If the prophets of the self-driving revolution are right, however, by the middle of this century people will not need to drive any more than we need to ride horses. Learning to drive is an investment decision: for an outlay of time and money today, you acquire a skill that will (hopefully) save you time and money in the future. In previous decades, most people could proceed on the reasonable assumption that they’d be shuttling kids and groceries for the rest of their lives; the cost of learning would be paid off over a very long period.

Thanks to on-demand rideshare services like Uber and Lyft, the driving sector is changing fast even before self-driving vehicles are brought into the picture. “You could live your whole life in a major city today without ever learning to drive or owning a car – many people do,” says Benedict Evans, a partner at Andreessen Horowitz, a venture-capital firm. “But on-demand services expand the geographic window in which it’s practical to do that, and reduce the inconvenience of it, presuming you can afford to pay for that convenience.”

Transport decisions will always depend on two factors: cost and convenience. The trade-offs are vastly different in different places. “There is a reason Google is testing its self-driving cars in Austin,” says Olaf Sakkers, whose firm Maniv Mobility invests in mobility startups in Israel and America. “Austin has a weak transit system, a lot of lower density sprawl and warm weather making the value of autonomous vehicles greater and the complexity of deploying them lower.” Dense urban areas see customers benefit from shared vehicles, whether autonomous or human-driven, because thick markets keep waiting times low and reduce prices, while the higher cost of parking makes driving your own car less attractive.

Still, at current prices, it’s fairly clear that the total cost of using rideshares is higher than the total cost of driving for an ordinary commuter. Ben Thompson, founder of the blog Stratechery, estimated that the average American would spend around $4,000 per year on driving to work and parking (not including the cost of the car itself), but around $10,000 per year to use rideshares. Of course, there is no average American driver: costs differ sharply by location. Certain cities are expensive across the board, whether for ridesharing or for parking, but rideshare costs also vary greatly due to local regulations. The average price per mile for Uber in New York City is over two dollars, versus less than a dollar per mile in Los Angeles.
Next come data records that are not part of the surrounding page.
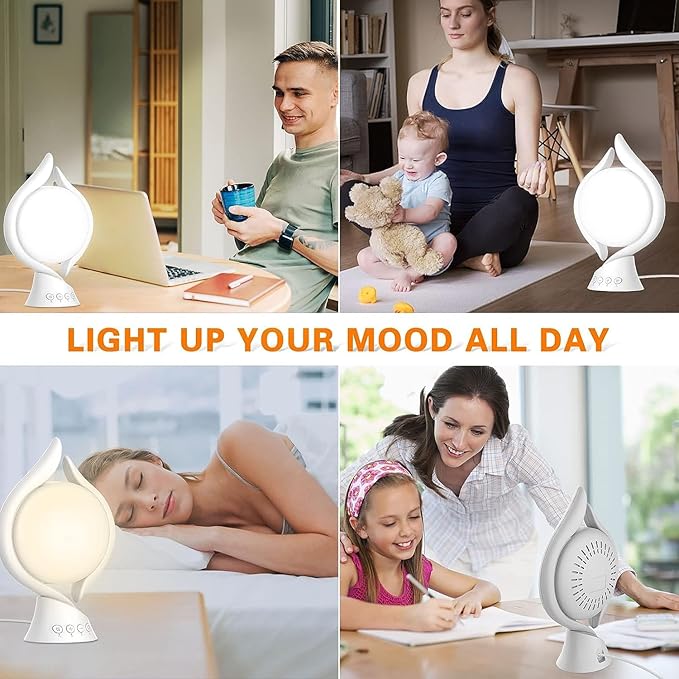Voraiya Light Therapy Lamp 10000 Lux, UV-Free Therapy Light with 5 Brightness, 3 Color Temperature, 4 Timer, Memory Function, Full Spectrum, Bright Seasonal Sun Light Lamp for Bedroom, Office - Bloomnest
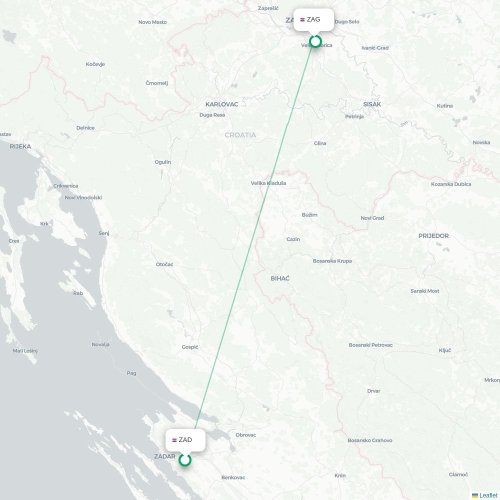Mapa lotu bezpośredniego Zadar – Zagrzeb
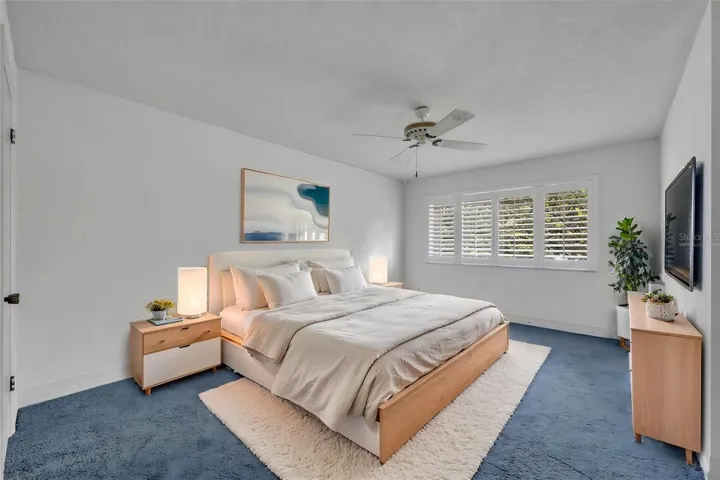 Virtually staged primary bedroom
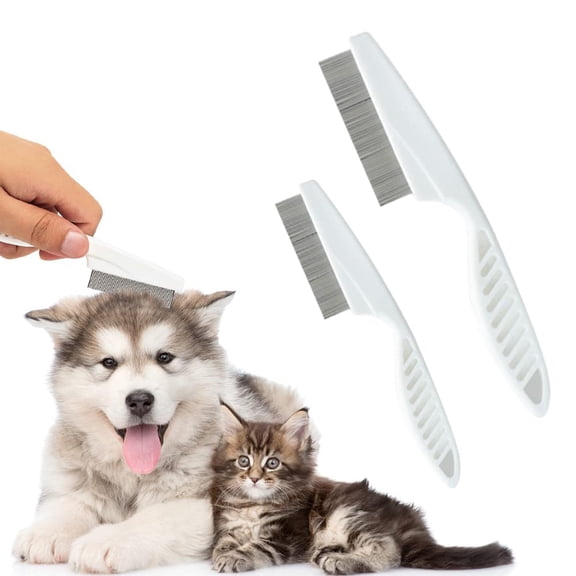 2 Pack Multifunctional Pet Comb, Upgrade Pet Grooming Brush Fine Magic Tear Stain Removal, Fine-Tooth Stainless Massage Comb Kit for Small Puppies and Dogs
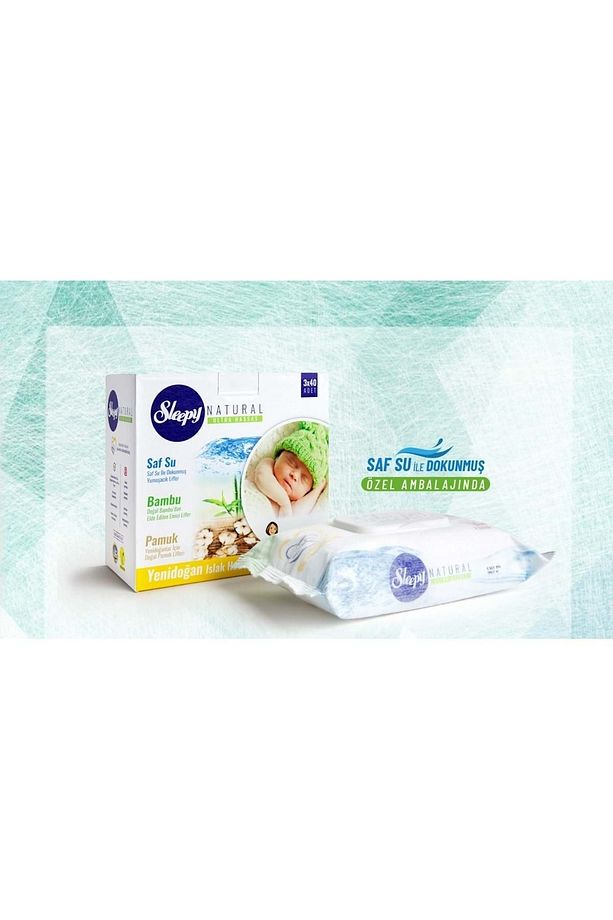 Islak Havlu Yeni Doğan Bambu Naturel 8'li Paket - 960 Yaprak - 3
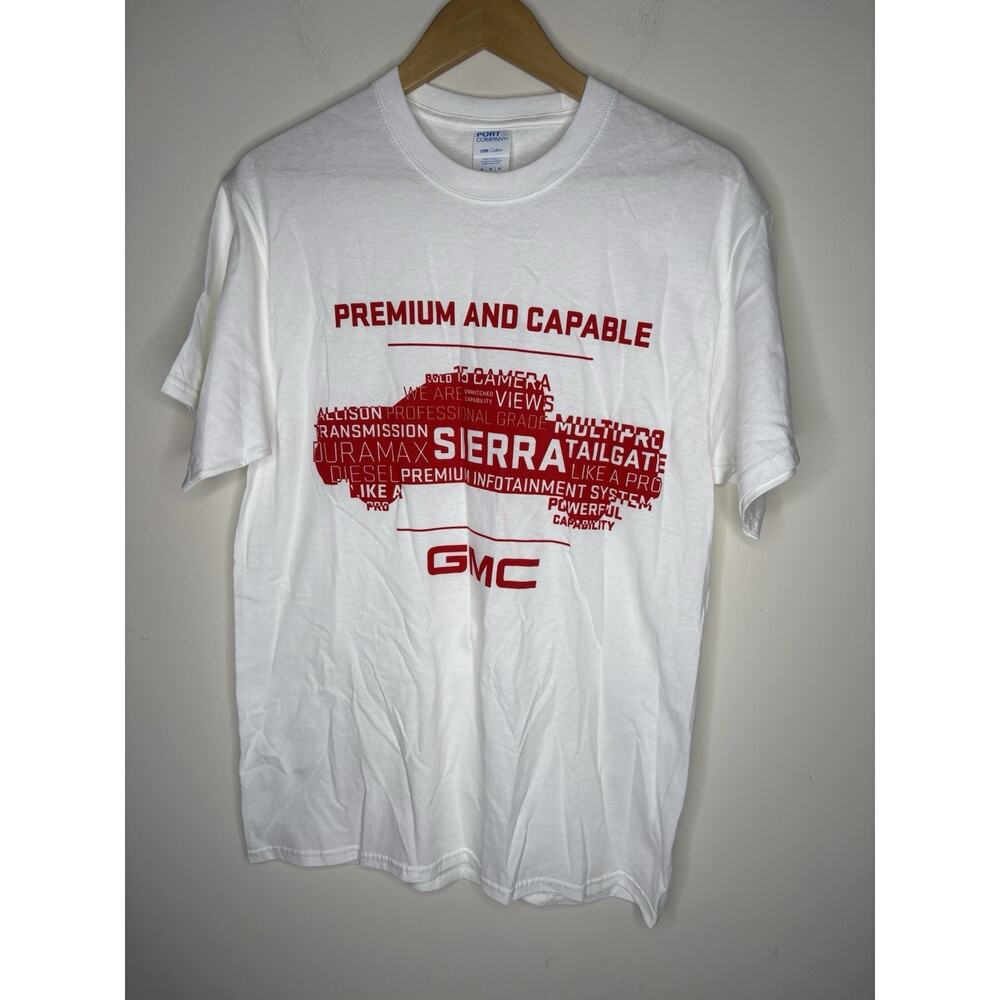 GMC Truck T Shirt Mens Size M SIERRA Graphic White Tee Premium and Capable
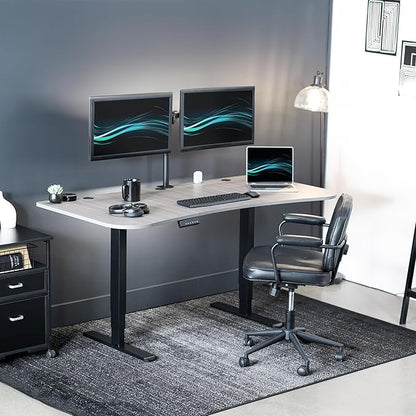 VIVO Electric 63 x 32 in Dual Motor Standing Desk, Memory Height Adjustment, 2B Series, Dark Gray Top Black Frame, DESK-KIT-2B1G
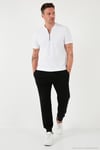 Pamuklu Regular Fit Yarım Fermuarlı Kolej Yaka 3'lü Paket Erkek T Shirt 5902653S3 Siyah-Beyaz-Açık Haki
However, not all costs are monetary costs. “People generally don’t think about the value of their time spent driving their car,” says Sakkers. “When you sit in a Lyft Line, even if the ride takes slightly longer, sharing the ride helps manage the cost, while the time spent in the vehicle could be used to power through your emails or watch the latest episode of “Westworld”. If your time is worth enough to you then driving stops making sense.”

The average learner-driver is in a very different situation from the average commuter. “When is the cost of a taxi cheaper than owning a car?” asks Evans. “It depends how many rides you take, much more than it depends on the fare.” A learner driver is less likely to be a daily commuter and more likely to be an occasional driver, which makes ridesharing much more economical; conversely, learner drivers are often using a parent’s vehicle when it would otherwise be idle, which is more economical too.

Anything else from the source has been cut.